● Materials provided:
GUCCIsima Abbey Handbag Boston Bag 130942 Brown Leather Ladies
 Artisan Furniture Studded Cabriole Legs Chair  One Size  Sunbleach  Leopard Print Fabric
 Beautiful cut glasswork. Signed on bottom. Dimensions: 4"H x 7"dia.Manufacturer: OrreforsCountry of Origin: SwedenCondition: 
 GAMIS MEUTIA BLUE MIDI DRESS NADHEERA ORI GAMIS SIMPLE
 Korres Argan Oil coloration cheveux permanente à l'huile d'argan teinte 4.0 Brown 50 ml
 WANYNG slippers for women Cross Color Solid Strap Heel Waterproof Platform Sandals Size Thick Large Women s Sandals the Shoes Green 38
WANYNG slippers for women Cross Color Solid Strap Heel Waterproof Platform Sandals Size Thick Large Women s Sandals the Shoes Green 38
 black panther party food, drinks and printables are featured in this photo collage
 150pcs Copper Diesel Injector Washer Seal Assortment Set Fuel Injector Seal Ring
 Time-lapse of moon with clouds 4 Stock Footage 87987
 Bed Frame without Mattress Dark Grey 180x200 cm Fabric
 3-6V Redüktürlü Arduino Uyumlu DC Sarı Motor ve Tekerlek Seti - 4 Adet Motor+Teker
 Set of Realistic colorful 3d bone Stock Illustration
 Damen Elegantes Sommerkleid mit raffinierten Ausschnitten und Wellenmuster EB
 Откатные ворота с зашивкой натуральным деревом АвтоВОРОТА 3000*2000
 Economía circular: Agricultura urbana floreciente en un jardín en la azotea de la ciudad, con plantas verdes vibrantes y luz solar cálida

● Exercise prompt: In the data above, copy every line where the string "Waterproof" appears.

● Response to the task:
 WANYNG slippers for women Cross Color Solid Strap Heel Waterproof Platform Sandals Size Thick Large Women s Sandals the Shoes Green 38
WANYNG slippers for women Cross Color Solid Strap Heel Waterproof Platform Sandals Size Thick Large Women s Sandals the Shoes Green 38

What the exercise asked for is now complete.